Und dennoch wurde der 97-jährig Verstorbenen Respekt gezollt: Der Sarg war schlicht, aber würdig. Auf ihm lag ein kleiner Blumenstrauß, um ihn standen in der Aufbahrungshalle Kerzen. Beim Hinaustragen erklang Musik und die Träger verneigten sich zum letzten Gruß, nachdem sie den Sarg in die Grube gelegt hatten.
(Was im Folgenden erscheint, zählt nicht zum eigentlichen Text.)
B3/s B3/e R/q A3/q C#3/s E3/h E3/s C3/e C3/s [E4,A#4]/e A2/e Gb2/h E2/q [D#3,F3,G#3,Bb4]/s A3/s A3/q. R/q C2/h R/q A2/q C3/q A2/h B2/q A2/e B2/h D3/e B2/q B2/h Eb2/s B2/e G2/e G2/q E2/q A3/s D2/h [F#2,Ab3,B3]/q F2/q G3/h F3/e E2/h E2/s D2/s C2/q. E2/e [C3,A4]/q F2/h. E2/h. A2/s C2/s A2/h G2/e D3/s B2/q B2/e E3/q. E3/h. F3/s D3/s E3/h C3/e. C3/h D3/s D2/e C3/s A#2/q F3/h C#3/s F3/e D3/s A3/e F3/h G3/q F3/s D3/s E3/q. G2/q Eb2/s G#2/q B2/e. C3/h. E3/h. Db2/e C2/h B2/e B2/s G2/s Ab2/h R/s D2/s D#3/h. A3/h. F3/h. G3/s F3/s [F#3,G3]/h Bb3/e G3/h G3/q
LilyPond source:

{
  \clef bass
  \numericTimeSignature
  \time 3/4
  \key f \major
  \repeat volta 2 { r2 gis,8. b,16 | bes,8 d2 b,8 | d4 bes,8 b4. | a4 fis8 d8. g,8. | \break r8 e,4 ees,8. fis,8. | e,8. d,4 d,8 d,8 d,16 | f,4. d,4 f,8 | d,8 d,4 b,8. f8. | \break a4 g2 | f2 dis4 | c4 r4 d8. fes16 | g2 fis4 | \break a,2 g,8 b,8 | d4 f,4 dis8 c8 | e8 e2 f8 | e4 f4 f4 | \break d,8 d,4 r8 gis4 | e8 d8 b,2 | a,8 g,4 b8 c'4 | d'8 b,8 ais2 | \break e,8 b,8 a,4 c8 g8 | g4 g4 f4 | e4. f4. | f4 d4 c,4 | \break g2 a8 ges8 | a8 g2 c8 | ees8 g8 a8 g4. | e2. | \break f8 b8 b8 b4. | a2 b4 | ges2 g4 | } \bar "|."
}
Es ist elementares Mindestmaß menschlicher Kultur, dass Menschen bestattet werden, nachweisbar seit etwa 90.000 bis 120.000 Jahren: Zu den ältesten Bestattungsorten zählen die Qafzeh- und die Skhul-Höhle im heutigen Israel. Wie wichtig dieser Dienst am Verstorbenen den alten Griechen war, berichtet das Drama „Antigone“ des Sophokles: Die Titelfigur bestattet gegen strenge königliche Anordnung ihren Bruder und wird dafür hingerichtet: Sie stellt die Bestattungspflicht als ewiges Gesetz über menschliche Verbote: „Auch glaubt ich nicht, dass das von dir Erlassne / so große Macht besäße, dass, wer sterblich ist, der Götter ungeschriebne / und ewig gültige Gesetze könnte setzen außer Kraft.“
In der konkreten Ausführung kennt die Bestattung von Toten viele Varianten: Wir kennen seit der Steinzeit Hockergräber, den ägyptischen Totenkult, Bestattungen in Bäumen bei manchen nordamerikanischen Ureinwohnern, die Verbrennung der Toten bei den Römern, die Grabbeigaben im Gräberfeld auf dem Hallstätter Salzberg und vieles mehr.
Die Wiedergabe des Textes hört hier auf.